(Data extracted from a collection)
----------------

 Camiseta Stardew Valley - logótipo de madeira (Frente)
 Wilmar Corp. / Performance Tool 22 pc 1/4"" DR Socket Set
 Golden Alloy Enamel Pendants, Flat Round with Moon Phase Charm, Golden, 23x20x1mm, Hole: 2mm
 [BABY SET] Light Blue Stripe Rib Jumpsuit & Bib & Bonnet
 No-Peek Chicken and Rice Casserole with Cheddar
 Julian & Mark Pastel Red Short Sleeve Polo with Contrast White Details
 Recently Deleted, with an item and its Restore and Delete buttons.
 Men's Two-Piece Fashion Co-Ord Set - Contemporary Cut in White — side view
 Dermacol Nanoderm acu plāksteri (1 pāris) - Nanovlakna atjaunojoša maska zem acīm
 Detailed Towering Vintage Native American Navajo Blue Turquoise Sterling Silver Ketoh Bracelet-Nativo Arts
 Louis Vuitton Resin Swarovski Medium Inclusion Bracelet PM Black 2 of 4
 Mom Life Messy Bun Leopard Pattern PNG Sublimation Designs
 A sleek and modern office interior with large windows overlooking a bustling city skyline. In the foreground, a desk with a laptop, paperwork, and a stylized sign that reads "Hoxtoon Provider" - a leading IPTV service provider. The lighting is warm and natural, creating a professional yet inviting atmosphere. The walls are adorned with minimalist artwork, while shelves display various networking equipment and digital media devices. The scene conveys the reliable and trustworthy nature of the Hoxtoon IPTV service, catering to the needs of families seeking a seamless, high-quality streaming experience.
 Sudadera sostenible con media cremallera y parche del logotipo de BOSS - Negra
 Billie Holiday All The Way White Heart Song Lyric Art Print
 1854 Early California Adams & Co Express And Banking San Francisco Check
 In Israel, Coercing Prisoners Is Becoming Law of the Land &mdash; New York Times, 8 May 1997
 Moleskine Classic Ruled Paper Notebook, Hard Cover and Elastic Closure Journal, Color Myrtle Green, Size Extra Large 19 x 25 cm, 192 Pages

----------------

Try it:
Your answer is to contain exactly the lines from the one holding "Louis Vuitton Resin" to the end of the entries, with no other line.

Result of this task:
 Louis Vuitton Resin Swarovski Medium Inclusion Bracelet PM Black 2 of 4
 Mom Life Messy Bun Leopard Pattern PNG Sublimation Designs
 A sleek and modern office interior with large windows overlooking a bustling city skyline. In the foreground, a desk with a laptop, paperwork, and a stylized sign that reads "Hoxtoon Provider" - a leading IPTV service provider. The lighting is warm and natural, creating a professional yet inviting atmosphere. The walls are adorned with minimalist artwork, while shelves display various networking equipment and digital media devices. The scene conveys the reliable and trustworthy nature of the Hoxtoon IPTV service, catering to the needs of families seeking a seamless, high-quality streaming experience.
 Sudadera sostenible con media cremallera y parche del logotipo de BOSS - Negra
 Billie Holiday All The Way White Heart Song Lyric Art Print
 1854 Early California Adams & Co Express And Banking San Francisco Check
 In Israel, Coercing Prisoners Is Becoming Law of the Land &mdash; New York Times, 8 May 1997
 Moleskine Classic Ruled Paper Notebook, Hard Cover and Elastic Closure Journal, Color Myrtle Green, Size Extra Large 19 x 25 cm, 192 Pages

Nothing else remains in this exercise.